• _TO DO_:
For this exercise, restate word for word only the lines from the first line of the data to the line containing "Wharfedale Diamond 10.3".

[Start of Attachment]

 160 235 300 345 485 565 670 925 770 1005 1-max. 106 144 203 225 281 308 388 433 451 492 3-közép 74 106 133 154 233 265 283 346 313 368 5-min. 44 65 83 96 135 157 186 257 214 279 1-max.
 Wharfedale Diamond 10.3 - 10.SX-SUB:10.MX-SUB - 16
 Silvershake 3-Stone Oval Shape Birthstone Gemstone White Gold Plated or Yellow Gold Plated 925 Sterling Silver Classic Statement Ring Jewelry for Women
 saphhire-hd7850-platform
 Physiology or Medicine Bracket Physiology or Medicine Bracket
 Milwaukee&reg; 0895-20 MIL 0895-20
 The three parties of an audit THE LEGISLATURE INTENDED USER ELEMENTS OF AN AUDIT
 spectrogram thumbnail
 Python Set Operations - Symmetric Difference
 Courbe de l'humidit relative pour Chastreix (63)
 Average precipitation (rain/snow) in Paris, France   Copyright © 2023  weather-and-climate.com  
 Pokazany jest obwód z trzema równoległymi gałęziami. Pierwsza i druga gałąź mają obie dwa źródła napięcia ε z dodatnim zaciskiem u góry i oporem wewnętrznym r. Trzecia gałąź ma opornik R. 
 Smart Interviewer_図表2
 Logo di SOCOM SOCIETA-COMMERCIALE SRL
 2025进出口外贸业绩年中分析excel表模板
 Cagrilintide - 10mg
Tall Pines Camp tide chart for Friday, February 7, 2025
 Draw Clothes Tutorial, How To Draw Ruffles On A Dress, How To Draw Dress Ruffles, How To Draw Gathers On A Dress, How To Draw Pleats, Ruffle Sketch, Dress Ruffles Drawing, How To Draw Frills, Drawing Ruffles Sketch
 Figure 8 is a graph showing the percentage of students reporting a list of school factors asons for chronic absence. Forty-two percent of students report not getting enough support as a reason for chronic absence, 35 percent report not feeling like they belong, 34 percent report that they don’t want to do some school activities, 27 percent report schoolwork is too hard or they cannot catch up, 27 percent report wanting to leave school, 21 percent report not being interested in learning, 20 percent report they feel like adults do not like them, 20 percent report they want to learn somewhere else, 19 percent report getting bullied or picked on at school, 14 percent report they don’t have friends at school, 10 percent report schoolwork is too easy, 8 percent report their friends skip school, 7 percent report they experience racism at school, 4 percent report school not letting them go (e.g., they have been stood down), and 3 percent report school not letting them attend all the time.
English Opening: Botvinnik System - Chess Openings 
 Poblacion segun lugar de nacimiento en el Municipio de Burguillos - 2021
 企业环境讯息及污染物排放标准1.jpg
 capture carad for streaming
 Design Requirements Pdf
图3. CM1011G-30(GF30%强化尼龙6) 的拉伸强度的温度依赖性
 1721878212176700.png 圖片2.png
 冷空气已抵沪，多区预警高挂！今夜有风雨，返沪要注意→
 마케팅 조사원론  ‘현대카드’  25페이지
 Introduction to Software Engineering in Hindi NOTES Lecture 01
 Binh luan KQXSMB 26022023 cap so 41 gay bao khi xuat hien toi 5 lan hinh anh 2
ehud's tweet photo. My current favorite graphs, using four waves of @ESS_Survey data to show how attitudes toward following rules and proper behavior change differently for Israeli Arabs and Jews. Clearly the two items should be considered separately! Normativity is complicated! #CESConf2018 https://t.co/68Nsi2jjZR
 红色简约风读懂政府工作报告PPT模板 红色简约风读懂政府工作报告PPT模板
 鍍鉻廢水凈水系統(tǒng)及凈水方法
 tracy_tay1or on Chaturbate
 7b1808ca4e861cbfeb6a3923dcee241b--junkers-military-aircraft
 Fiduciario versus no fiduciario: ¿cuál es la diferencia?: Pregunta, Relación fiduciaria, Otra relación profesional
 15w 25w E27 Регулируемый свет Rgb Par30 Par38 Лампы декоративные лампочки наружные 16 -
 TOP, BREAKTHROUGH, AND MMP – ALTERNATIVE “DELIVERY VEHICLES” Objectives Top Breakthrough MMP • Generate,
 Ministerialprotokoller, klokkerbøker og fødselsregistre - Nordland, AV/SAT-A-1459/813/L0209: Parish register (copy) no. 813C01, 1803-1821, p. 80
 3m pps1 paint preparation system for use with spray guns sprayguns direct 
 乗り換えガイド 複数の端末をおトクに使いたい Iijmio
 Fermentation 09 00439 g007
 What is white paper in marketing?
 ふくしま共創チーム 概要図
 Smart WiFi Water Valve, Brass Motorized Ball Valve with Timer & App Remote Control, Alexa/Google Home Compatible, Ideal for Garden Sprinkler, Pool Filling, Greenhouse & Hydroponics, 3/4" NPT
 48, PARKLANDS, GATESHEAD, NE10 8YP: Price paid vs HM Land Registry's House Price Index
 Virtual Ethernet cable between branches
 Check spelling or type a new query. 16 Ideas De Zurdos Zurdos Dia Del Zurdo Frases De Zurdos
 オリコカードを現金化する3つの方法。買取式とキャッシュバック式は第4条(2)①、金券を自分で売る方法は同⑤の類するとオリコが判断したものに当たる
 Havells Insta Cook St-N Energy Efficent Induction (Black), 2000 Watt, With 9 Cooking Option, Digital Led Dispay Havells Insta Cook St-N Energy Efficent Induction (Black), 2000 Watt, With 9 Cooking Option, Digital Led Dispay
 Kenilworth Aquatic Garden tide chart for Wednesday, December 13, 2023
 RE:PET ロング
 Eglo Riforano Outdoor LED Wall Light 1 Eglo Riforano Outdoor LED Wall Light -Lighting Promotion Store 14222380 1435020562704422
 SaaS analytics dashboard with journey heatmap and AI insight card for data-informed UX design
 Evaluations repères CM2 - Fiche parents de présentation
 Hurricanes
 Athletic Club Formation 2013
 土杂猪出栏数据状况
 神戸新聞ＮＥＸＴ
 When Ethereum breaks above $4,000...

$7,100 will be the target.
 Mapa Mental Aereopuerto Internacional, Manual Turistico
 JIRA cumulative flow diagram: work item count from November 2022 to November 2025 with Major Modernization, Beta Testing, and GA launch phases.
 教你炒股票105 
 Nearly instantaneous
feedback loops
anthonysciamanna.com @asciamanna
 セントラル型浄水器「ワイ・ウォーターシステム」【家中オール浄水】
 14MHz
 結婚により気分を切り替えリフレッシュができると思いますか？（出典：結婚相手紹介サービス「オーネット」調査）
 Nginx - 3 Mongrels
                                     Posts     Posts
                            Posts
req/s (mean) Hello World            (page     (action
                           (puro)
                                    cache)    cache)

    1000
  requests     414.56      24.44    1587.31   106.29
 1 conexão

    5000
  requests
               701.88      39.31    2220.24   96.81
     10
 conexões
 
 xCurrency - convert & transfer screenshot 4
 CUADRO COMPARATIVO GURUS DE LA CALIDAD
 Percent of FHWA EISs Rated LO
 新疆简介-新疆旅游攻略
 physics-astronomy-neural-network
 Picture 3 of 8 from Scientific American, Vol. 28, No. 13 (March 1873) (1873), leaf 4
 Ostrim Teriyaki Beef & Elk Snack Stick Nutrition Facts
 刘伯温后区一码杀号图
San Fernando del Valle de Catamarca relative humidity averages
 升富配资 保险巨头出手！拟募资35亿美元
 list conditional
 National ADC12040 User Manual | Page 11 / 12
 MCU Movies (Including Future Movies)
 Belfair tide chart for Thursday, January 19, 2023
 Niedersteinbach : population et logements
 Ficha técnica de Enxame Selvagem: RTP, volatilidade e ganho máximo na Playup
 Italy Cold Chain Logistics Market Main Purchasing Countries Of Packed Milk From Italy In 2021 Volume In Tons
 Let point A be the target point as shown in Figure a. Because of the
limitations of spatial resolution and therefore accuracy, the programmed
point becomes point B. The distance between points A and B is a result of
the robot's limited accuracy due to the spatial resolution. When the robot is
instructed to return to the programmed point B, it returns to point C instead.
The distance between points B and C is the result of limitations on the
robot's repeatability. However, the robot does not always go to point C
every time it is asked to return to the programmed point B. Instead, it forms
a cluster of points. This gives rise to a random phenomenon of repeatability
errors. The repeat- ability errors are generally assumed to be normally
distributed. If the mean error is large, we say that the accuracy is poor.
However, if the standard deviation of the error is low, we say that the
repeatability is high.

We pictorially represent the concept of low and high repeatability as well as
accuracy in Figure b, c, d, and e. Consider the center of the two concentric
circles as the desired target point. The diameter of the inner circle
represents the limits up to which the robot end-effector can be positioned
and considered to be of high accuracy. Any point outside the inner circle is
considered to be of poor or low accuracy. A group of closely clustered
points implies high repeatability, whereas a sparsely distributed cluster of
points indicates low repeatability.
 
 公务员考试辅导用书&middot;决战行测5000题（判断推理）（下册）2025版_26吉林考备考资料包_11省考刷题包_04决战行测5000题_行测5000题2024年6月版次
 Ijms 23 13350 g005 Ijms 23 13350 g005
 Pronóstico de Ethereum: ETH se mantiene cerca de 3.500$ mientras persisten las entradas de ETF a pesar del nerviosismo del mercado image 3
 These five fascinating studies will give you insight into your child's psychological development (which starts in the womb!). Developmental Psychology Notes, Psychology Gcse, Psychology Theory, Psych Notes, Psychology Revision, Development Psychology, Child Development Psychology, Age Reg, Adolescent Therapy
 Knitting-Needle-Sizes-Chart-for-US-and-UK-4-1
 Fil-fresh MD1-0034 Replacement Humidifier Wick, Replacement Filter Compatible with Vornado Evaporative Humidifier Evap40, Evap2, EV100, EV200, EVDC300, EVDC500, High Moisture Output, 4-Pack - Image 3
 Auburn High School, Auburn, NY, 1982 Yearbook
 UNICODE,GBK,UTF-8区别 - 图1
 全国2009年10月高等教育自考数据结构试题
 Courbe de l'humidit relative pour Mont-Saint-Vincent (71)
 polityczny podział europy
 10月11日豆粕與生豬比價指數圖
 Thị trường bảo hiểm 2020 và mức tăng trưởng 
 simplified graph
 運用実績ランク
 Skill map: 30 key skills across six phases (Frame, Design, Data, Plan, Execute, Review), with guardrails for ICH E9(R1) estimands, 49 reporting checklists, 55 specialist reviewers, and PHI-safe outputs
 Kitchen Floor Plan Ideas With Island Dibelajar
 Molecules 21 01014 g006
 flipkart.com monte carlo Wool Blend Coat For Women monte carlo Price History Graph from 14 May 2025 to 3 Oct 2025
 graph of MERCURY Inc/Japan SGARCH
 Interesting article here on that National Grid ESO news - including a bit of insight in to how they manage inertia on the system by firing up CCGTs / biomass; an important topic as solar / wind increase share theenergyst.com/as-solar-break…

[End of Attachment]

• _PROBLEM SOLUTION_:
 160 235 300 345 485 565 670 925 770 1005 1-max. 106 144 203 225 281 308 388 433 451 492 3-közép 74 106 133 154 233 265 283 346 313 368 5-min. 44 65 83 96 135 157 186 257 214 279 1-max.
 Wharfedale Diamond 10.3 - 10.SX-SUB:10.MX-SUB - 16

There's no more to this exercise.